Nu de man blijkens het convenant € 959,75 per maand bijdraagt in de kosten van de kinderen, resteert de man onvoldoende draagkracht om partneralimentatie te blijven voldoen. De rechtbank zal de partneralimentatie om die reden op nihil stellen.

Draagkrachtberekeningen

Aan deze beschikking is een draagkrachtberekening gehecht (bijlage I).
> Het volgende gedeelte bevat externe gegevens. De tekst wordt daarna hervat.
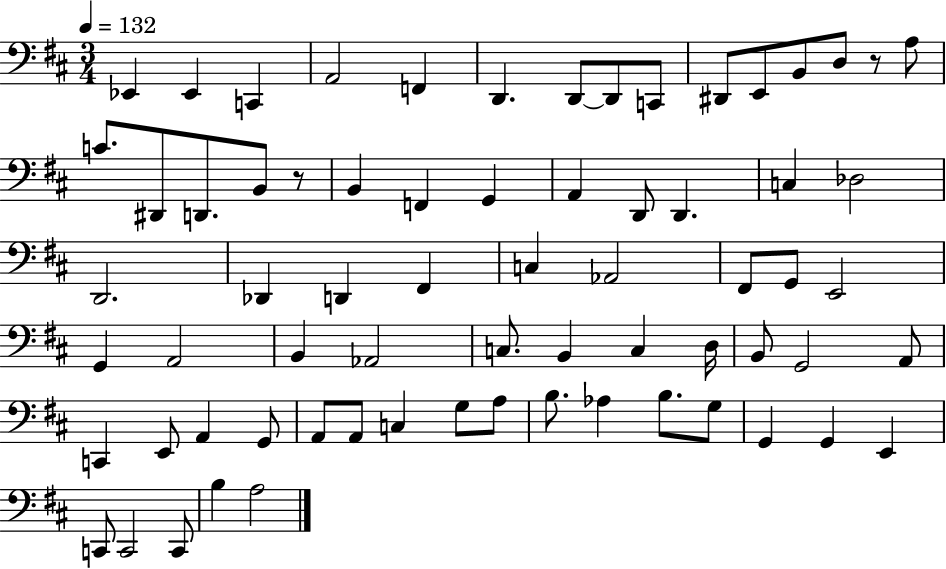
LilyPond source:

{
  \clef bass
  \numericTimeSignature
  \time 3/4
  \key d \major
  \tempo 4 = 132
  ees,4 ees,4 c,4 | a,2 f,4 | d,4. d,8~~ d,8 c,8 | dis,8 e,8 b,8 d8 r8 a8 | \break c'8. dis,8 d,8. b,8 r8 | b,4 f,4 g,4 | a,4 d,8 d,4. | c4 des2 | \break d,2. | des,4 d,4 fis,4 | c4 aes,2 | fis,8 g,8 e,2 | \break g,4 a,2 | b,4 aes,2 | c8. b,4 c4 d16 | b,8 g,2 a,8 | \break c,4 e,8 a,4 g,8 | a,8 a,8 c4 g8 a8 | b8. aes4 b8. g8 | g,4 g,4 e,4 | \break c,8 c,2 c,8 | b4 a2 | \bar "|."
}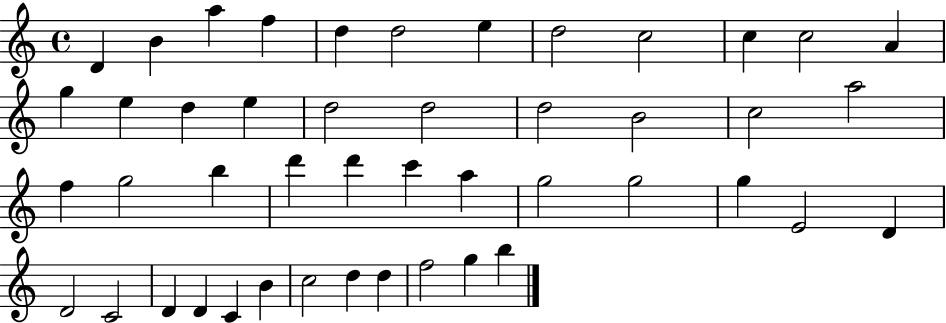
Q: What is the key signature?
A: C major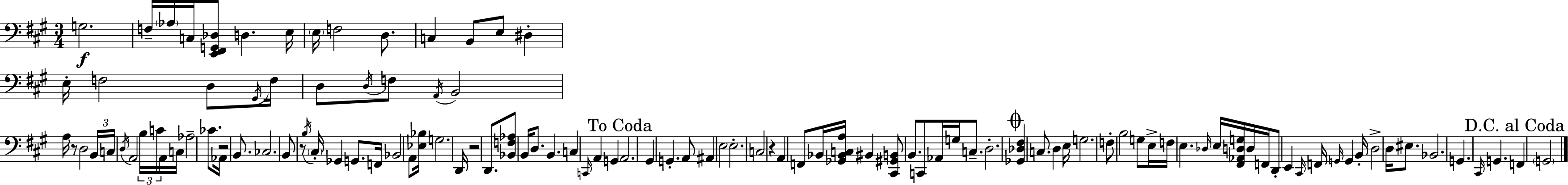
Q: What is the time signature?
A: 3/4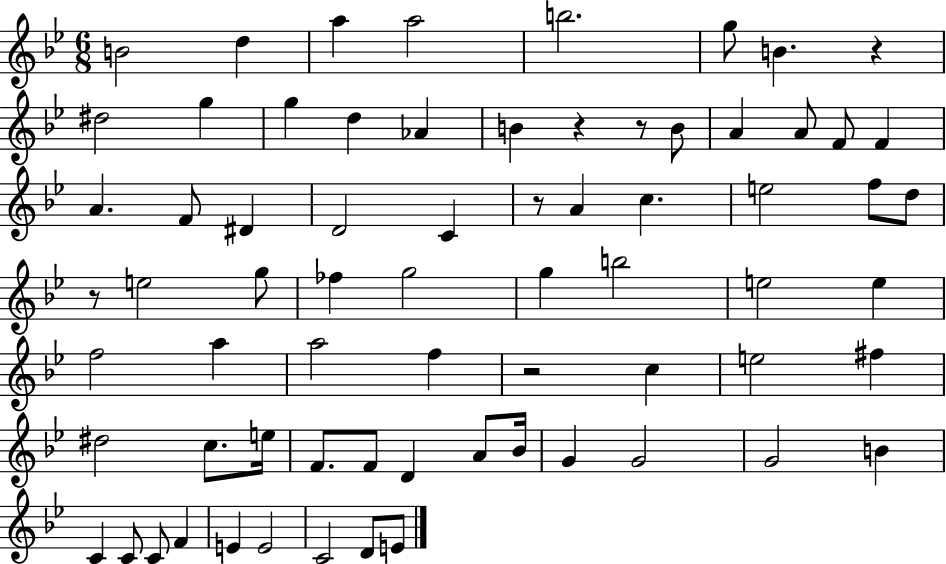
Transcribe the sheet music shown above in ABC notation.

X:1
T:Untitled
M:6/8
L:1/4
K:Bb
B2 d a a2 b2 g/2 B z ^d2 g g d _A B z z/2 B/2 A A/2 F/2 F A F/2 ^D D2 C z/2 A c e2 f/2 d/2 z/2 e2 g/2 _f g2 g b2 e2 e f2 a a2 f z2 c e2 ^f ^d2 c/2 e/4 F/2 F/2 D A/2 _B/4 G G2 G2 B C C/2 C/2 F E E2 C2 D/2 E/2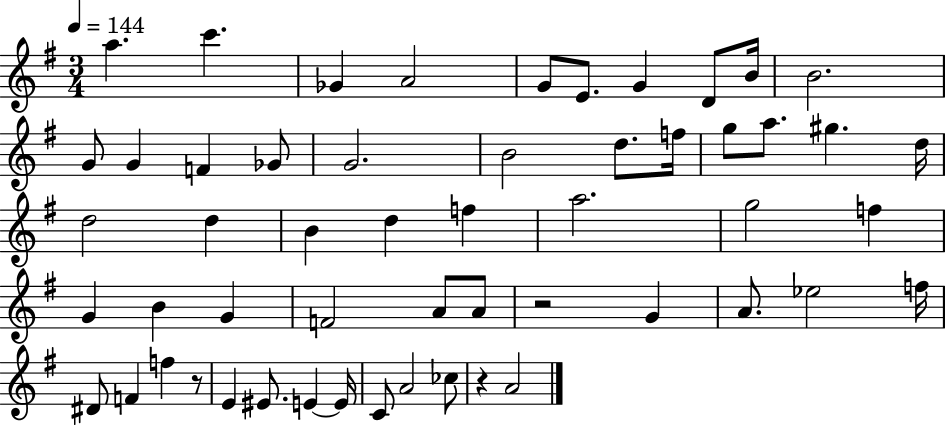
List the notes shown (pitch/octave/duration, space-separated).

A5/q. C6/q. Gb4/q A4/h G4/e E4/e. G4/q D4/e B4/s B4/h. G4/e G4/q F4/q Gb4/e G4/h. B4/h D5/e. F5/s G5/e A5/e. G#5/q. D5/s D5/h D5/q B4/q D5/q F5/q A5/h. G5/h F5/q G4/q B4/q G4/q F4/h A4/e A4/e R/h G4/q A4/e. Eb5/h F5/s D#4/e F4/q F5/q R/e E4/q EIS4/e. E4/q E4/s C4/e A4/h CES5/e R/q A4/h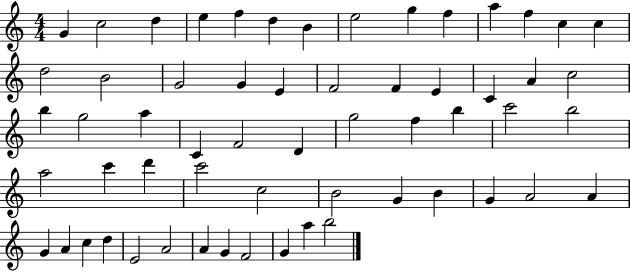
G4/q C5/h D5/q E5/q F5/q D5/q B4/q E5/h G5/q F5/q A5/q F5/q C5/q C5/q D5/h B4/h G4/h G4/q E4/q F4/h F4/q E4/q C4/q A4/q C5/h B5/q G5/h A5/q C4/q F4/h D4/q G5/h F5/q B5/q C6/h B5/h A5/h C6/q D6/q C6/h C5/h B4/h G4/q B4/q G4/q A4/h A4/q G4/q A4/q C5/q D5/q E4/h A4/h A4/q G4/q F4/h G4/q A5/q B5/h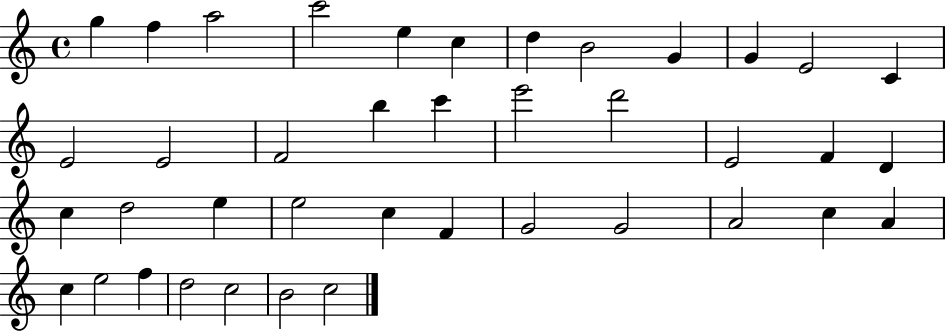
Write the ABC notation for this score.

X:1
T:Untitled
M:4/4
L:1/4
K:C
g f a2 c'2 e c d B2 G G E2 C E2 E2 F2 b c' e'2 d'2 E2 F D c d2 e e2 c F G2 G2 A2 c A c e2 f d2 c2 B2 c2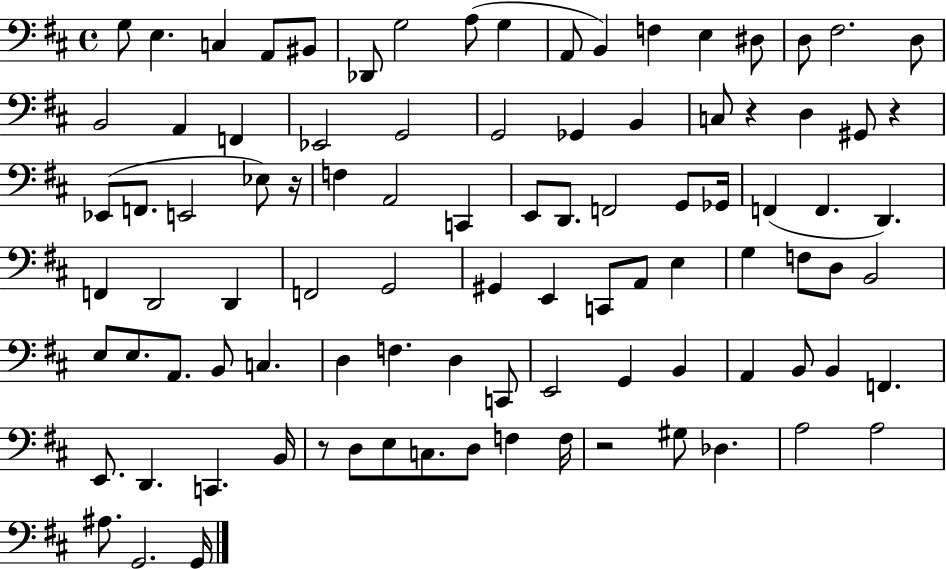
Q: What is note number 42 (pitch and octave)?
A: F2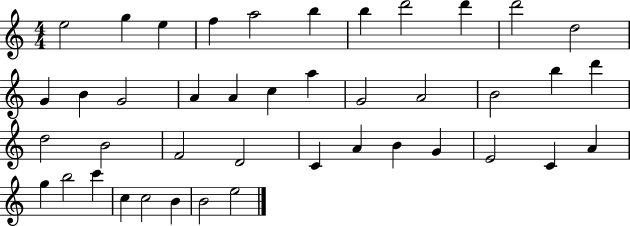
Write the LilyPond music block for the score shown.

{
  \clef treble
  \numericTimeSignature
  \time 4/4
  \key c \major
  e''2 g''4 e''4 | f''4 a''2 b''4 | b''4 d'''2 d'''4 | d'''2 d''2 | \break g'4 b'4 g'2 | a'4 a'4 c''4 a''4 | g'2 a'2 | b'2 b''4 d'''4 | \break d''2 b'2 | f'2 d'2 | c'4 a'4 b'4 g'4 | e'2 c'4 a'4 | \break g''4 b''2 c'''4 | c''4 c''2 b'4 | b'2 e''2 | \bar "|."
}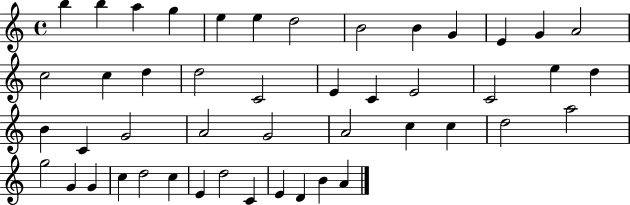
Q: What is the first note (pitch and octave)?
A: B5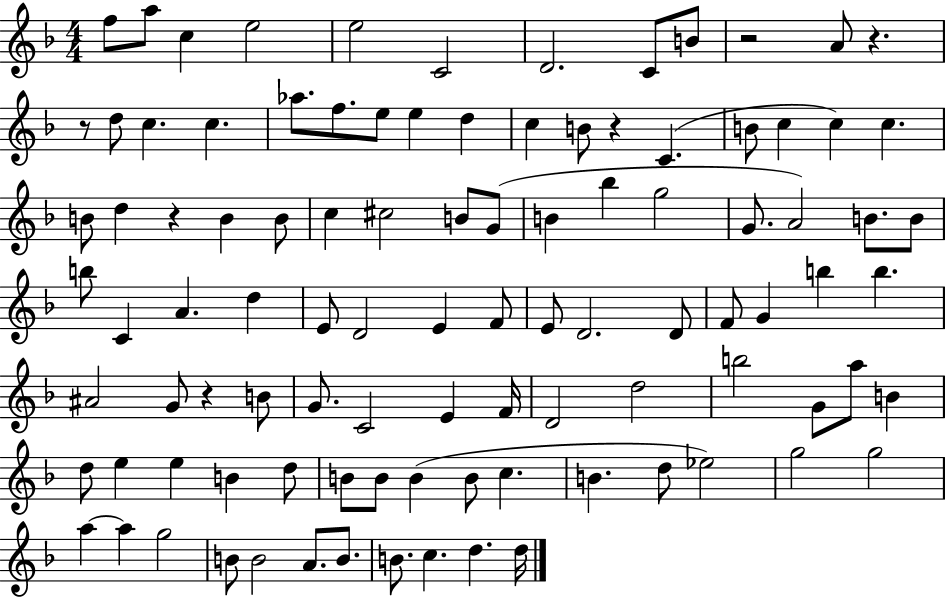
{
  \clef treble
  \numericTimeSignature
  \time 4/4
  \key f \major
  f''8 a''8 c''4 e''2 | e''2 c'2 | d'2. c'8 b'8 | r2 a'8 r4. | \break r8 d''8 c''4. c''4. | aes''8. f''8. e''8 e''4 d''4 | c''4 b'8 r4 c'4.( | b'8 c''4 c''4) c''4. | \break b'8 d''4 r4 b'4 b'8 | c''4 cis''2 b'8 g'8( | b'4 bes''4 g''2 | g'8. a'2) b'8. b'8 | \break b''8 c'4 a'4. d''4 | e'8 d'2 e'4 f'8 | e'8 d'2. d'8 | f'8 g'4 b''4 b''4. | \break ais'2 g'8 r4 b'8 | g'8. c'2 e'4 f'16 | d'2 d''2 | b''2 g'8 a''8 b'4 | \break d''8 e''4 e''4 b'4 d''8 | b'8 b'8 b'4( b'8 c''4. | b'4. d''8 ees''2) | g''2 g''2 | \break a''4~~ a''4 g''2 | b'8 b'2 a'8. b'8. | b'8. c''4. d''4. d''16 | \bar "|."
}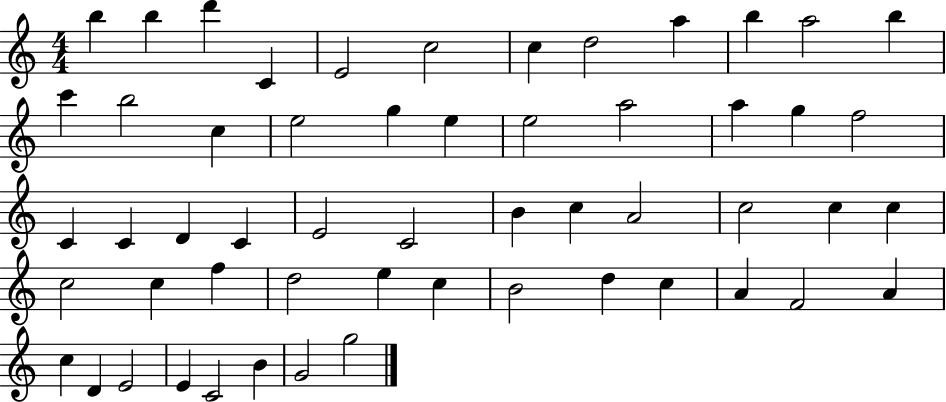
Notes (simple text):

B5/q B5/q D6/q C4/q E4/h C5/h C5/q D5/h A5/q B5/q A5/h B5/q C6/q B5/h C5/q E5/h G5/q E5/q E5/h A5/h A5/q G5/q F5/h C4/q C4/q D4/q C4/q E4/h C4/h B4/q C5/q A4/h C5/h C5/q C5/q C5/h C5/q F5/q D5/h E5/q C5/q B4/h D5/q C5/q A4/q F4/h A4/q C5/q D4/q E4/h E4/q C4/h B4/q G4/h G5/h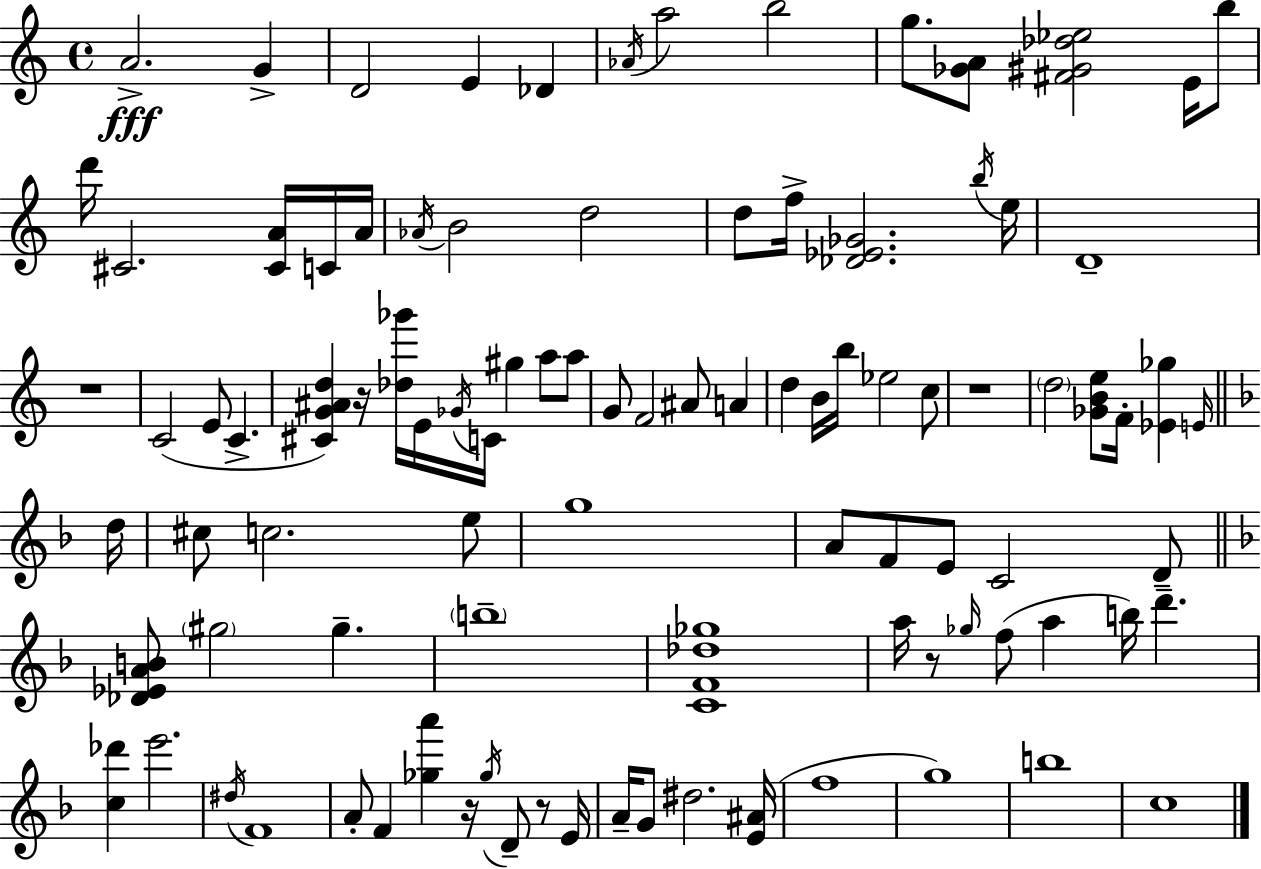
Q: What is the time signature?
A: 4/4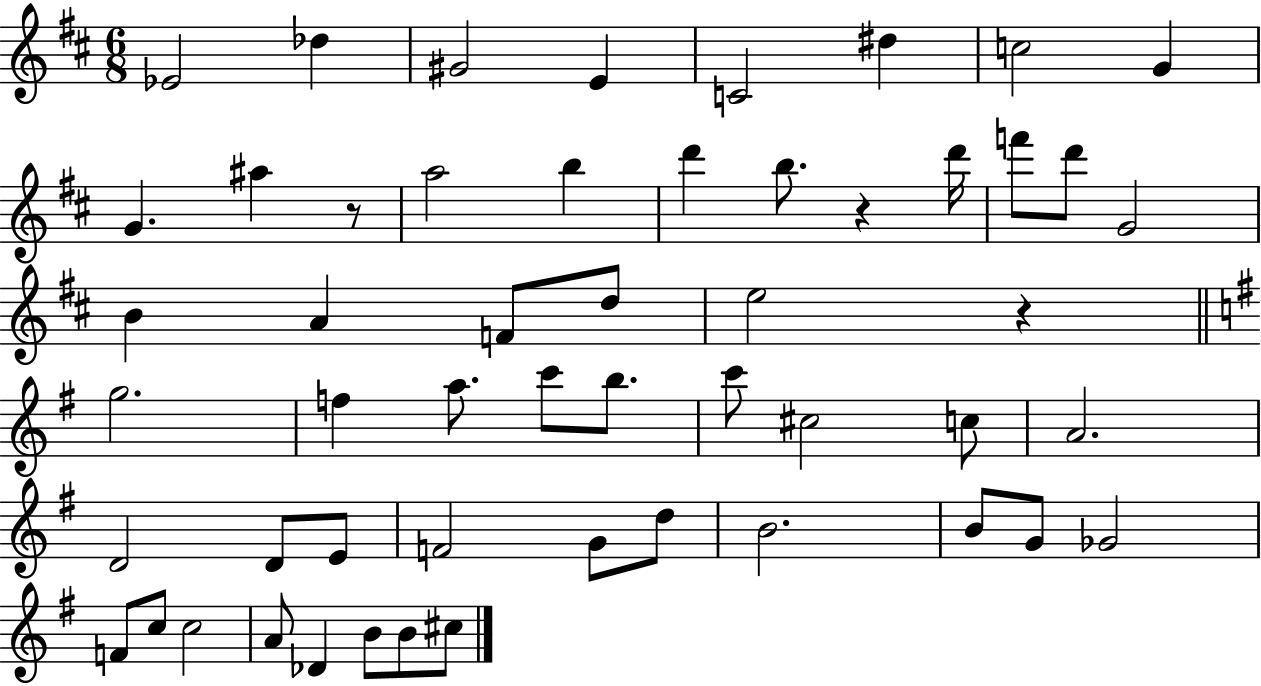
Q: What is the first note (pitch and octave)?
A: Eb4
Uit de berekening die als bijlage II aan deze beschikking is gehecht volgt dat de man, óók als er bij post 129 veronderstellenderwijze van uit zou worden gegaan dat hij maandelijks maar € 200,- reserveert voor zijn pensioen, geen draagkracht overhoudt voor een partnerbijdrage.

Ingangsdatum

De man heeft verzocht de partneralimentatie met ingang van 1 juni 2019 op nihil te stellen. De rechtbank acht het, gelet op het consumptieve karakter van de partneralimentatie en gelet op het feit dat de man de partneralimentatie tot op heden heeft voldaan, echter redelijker om de datum van de uitspraak te hanteren voor de nihilstelling. Zij zal aldus beslissen.

Conclusie

De rechtbank zal gelet op het voorgaande de partneralimentatie met ingang van heden op nihil stellen.

Proceskosten

Gelet op het feit dat het hier een procedure van familierechtelijke aard betreft, zal de rechtbank de proceskosten compenseren als hierna vermeld.

Beslissing

De rechtbank – met wijziging in zoverre van de beschikking van deze rechtbank van [beschikkingsdatum 2] 2014 met het daarin opgenomen convenant dat door partijen is ondertekend op 12 augustus 2014 –:

bepaalt de door de man met ingang van heden te betalen partneralimentatie op nihil;

verklaart deze beschikking tot zover uitvoerbaar bij voorraad;

bepaalt dat iedere partij de eigen proceskosten draagt;

wijst af het meer of anders verzochte.

Deze beschikking is gegeven door mr. J.Th.W. van Ravenstein, rechter, in tegenwoordigheid van mr. I.B. van Angeren als griffier, en uitgesproken ter openbare zitting van 15 oktober 2020.